Cybermenaces au Sénégal : le trésor public sous la menace des pirates du numérique
Depuis six mois, le Trésor public sénégalais figure parmi les cibles privilégiées des cybercriminels. Cette nouvelle intrusion, après celles ayant touché deux autres administrations centrales, soulève des interrogations majeures sur la capacité de Dakar à sécuriser ses infrastructures numériques. Avec l’accélération de la dématérialisation des services publics, les surfaces d’attaque se multiplient, exposant davantage les systèmes sensibles aux offensives malveillantes. La récurrence de ces incidents interroge directement l’efficacité des dispositifs de protection en place.
L’attaque contre la Direction générale du Trésor et de la comptabilité publique s’ajoute à deux autres épisodes marquants. En octobre, le portail de la Direction générale des impôts et des domaines avait été compromis. En janvier, c’est le service en charge des cartes nationales d’identité qui avait subi une intrusion, perturbant un service essentiel pour les citoyens. Cette succession d’attaques dessine un paysage inquiétant : impôts, état civil, finances publiques, trois piliers de l’administration sénégalaise désormais sous pression.

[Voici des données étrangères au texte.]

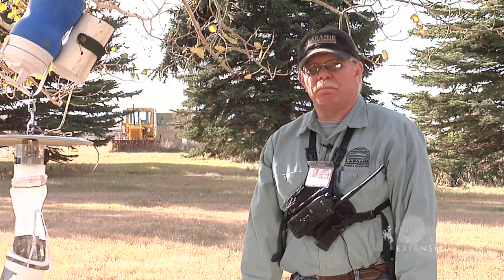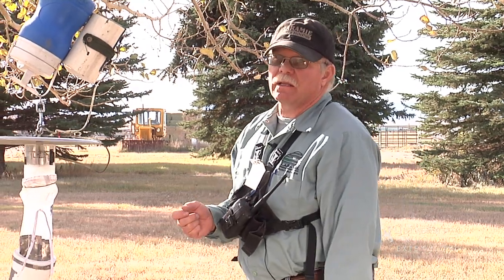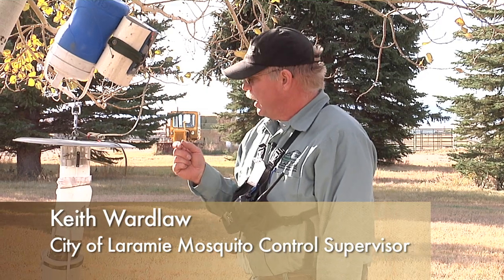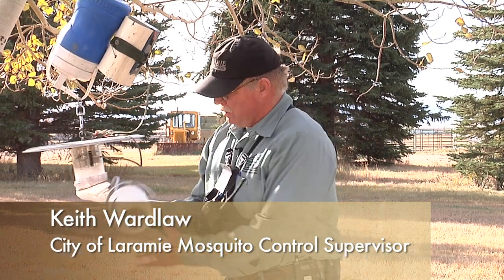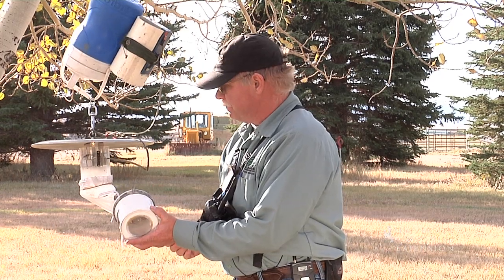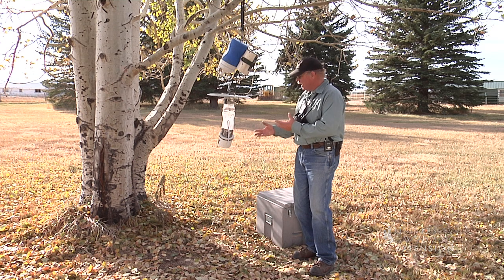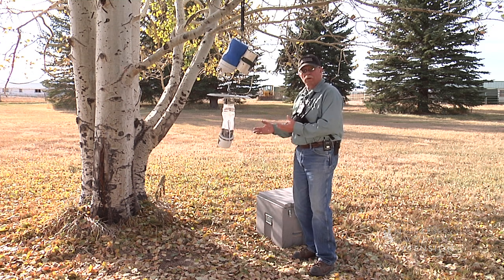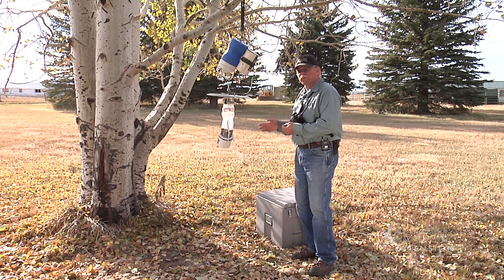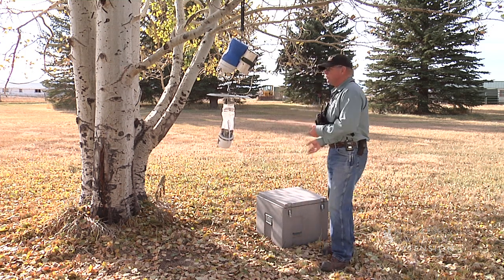We're back at the trap site 12 hours later. The trap has been out all night collecting mosquitoes, the dry ice is pretty well expended, and we've got numerous vector mosquitoes collected. The question is how do we get them back to the lab safely so that we can have good specimens to work with under a microscope and for virus testing.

Dématérialisation des services : un pari risqué sans sécurité renforcée
Comme de nombreux pays africains engagés dans une modernisation administrative, le Sénégal a lancé des programmes ambitieux de digitalisation. Pourtant, ces avancées technologiques n’ont pas toujours été accompagnées de mesures de cybersécurité à la hauteur des enjeux. La transformation numérique des services publics, présentée comme un gage d’efficacité et de transparence, exige des investissements colossaux en protection des données, en surveillance continue et en formation des agents. Le fossé entre le rythme de la digitalisation et celui du renforcement des défenses expose précisément les failles exploitées par les cybercriminels.
Les motivations des attaquants sont multiples : extorsion via des rançongiciels, vol de données sensibles pour revente, ou déstabilisation symbolique des institutions. Pour le Trésor public, dépositaire des flux financiers de l’État, l’impact d’une intrusion prolongée serait dévastateur. Une compromission pourrait perturber la chaîne de dépenses publiques, le suivi des comptes locaux ou encore la gestion de la dette intérieure. À ce jour, les autorités n’ont pas communiqué sur la nature exacte de l’intrusion ni sur l’ampleur des données potentiellement volées.

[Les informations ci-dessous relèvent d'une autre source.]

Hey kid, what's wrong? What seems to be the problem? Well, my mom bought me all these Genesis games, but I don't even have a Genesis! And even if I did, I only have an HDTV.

L’Afrique, un terrain de jeu pour les cybercriminels
Le Sénégal n’est pas un cas isolé. Plusieurs pays africains ayant adopté des programmes ambitieux de gouvernement électronique ont subi ces dernières années des attaques d’une ampleur sans précédent. L’essor des connexions internet, la généralisation des paiements mobiles et le transfert des registres publics vers le cloud ont créé un environnement particulièrement attractif pour les pirates, qu’ils agissent depuis le continent ou à l’international. Le rapport entre les gains potentiels et les risques encourus reste largement favorable aux assaillants : les rançons sont substantielles, tandis que les poursuites judiciaires transfrontalières restent rares.
Malgré un cadre institutionnel théorique solide, avec la Commission de protection des données personnelles (CDP) et les dispositifs de l’Agence de l’informatique de l’État (ADIE), des lacunes persistent. La coordination entre administrations, la réactivité face aux incidents et la culture de cybersécurité chez les agents publics restent des défis majeurs. La multiplication des attaques pourrait inciter à l’adoption d’une stratégie nationale plus stricte, intégrant des audits réguliers, des simulations d’intrusions et des obligations de notification renforcées.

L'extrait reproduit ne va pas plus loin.